I was raised in a small rural town with traditional values. The town was famous for its carrots, not because they were anything special but because there were so many of them. There was a big carrot processing factory smack in the centre of the high street, with its huge rust coloured corrugated iron shed and messy yard, and because of this the town never bothered to enter the local prettiest town contest, but we also never had to buy carrots. If you needed carrots, you foraged for them in the street gutters where they fell from the old flatbed trucks. The supermarket didn’t even bother to stock them anymore.

The other main industries were agriculture, by that I mean mainly carrot farming, working in the antiquated local shops and pubs or planting up assorted flowering baskets in the other local factory. This factory had new brick buildings and a gift shop at the front that did a roaring trade for Mother’s Day. Most people left school at 16 years old to work in the factories, and their families had lived here for generations. You soon learned not to talk about people behind their backs because the person you were talking to was most likely one of their cousins.

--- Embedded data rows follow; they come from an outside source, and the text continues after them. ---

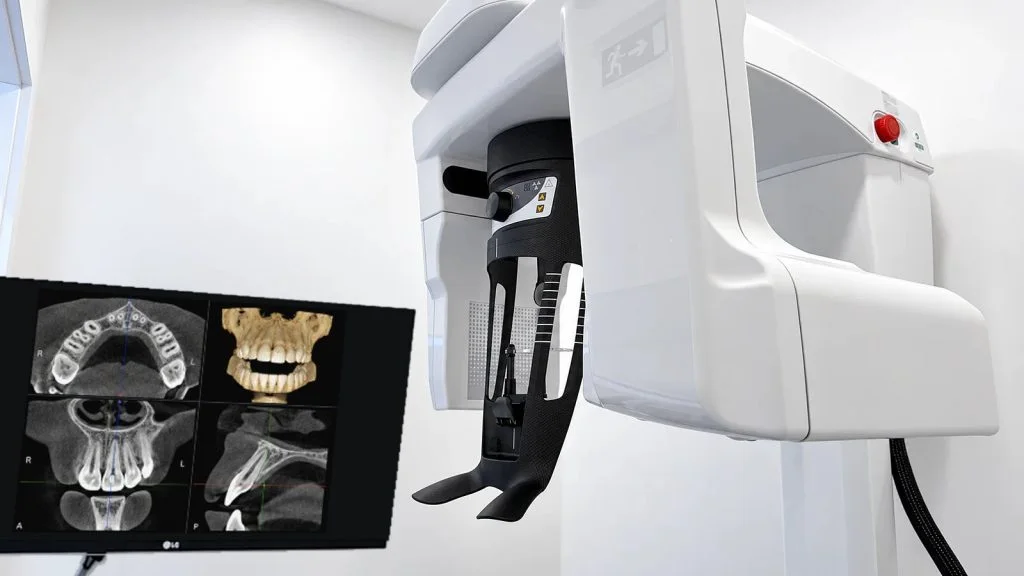 Aparelho de radiografia panorâmica e CBCT da Lusocare Montijo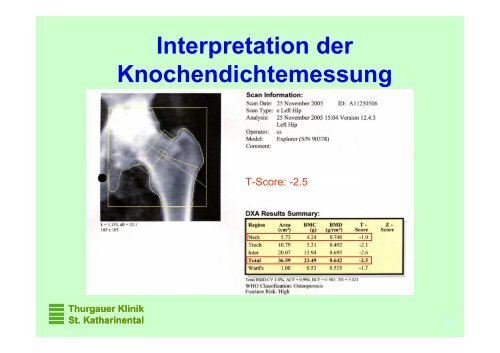 Osteoporose, State of the Art - Spital Thurgau AG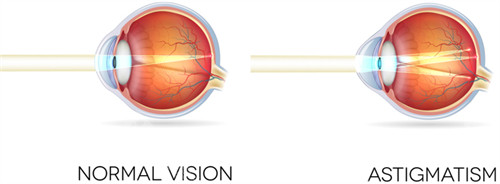 云南省眼科医院好不好？提供多方面眼科服务，口碑佳，患者满意度高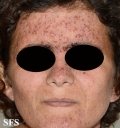 darier's disease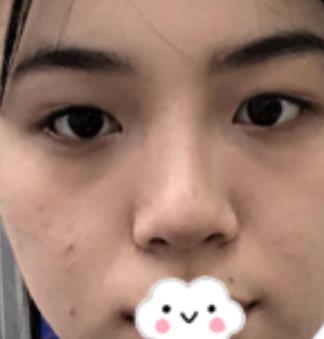 北京趙延勇醫(yī)生口碑好嗎？雙眼皮案例果公布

My mother had higher aspirations for her children. My father was a local town councillor and owed his own business, so apparently, we had to set an example. My brother and I weren’t allowed to wear jeans or trainers in case people mistakenly thought we lived on the council estate. This meant we both had an unfortunate amount of corduroy clothes as well as being the only children who wore duffle coats to school. On picture day I had to try and sleep in curlers the night before and got sent into school looking like a middle-aged woman. One year the embarrassment got too much, and I combed my hair flat with water from the girl’s bathroom. When she saw the pictures my mother called my father home early from work and beat me while we waited for him. I thought the pictures looked good for once, they didn’t. They still bought them but didn’t get any framed and put out on top of the piano that year.

Without fail several times a week, as we sat at the kitchen table doing our homework, my mother would tell us if we didn’t work hard enough, we would end up going to a comprehensive school and having to work in one of the factories. For years I would watch my friend’s parents and be confused because they didn’t seem lazy.

My mother also said, “if you want something bad enough and believe in yourself you can be anything you want to be.” It turned out that didn’t include being a lesbian.

When the local doctor reported to my parents, and as it happens the rest of town, that he had seen me being “inappropriate” with another girl while swimming at the local pits. It was hard to tell straight off how angry my mother was. She stood there silently for once with a red face, but it was that real hot summer that people still talked about decades later.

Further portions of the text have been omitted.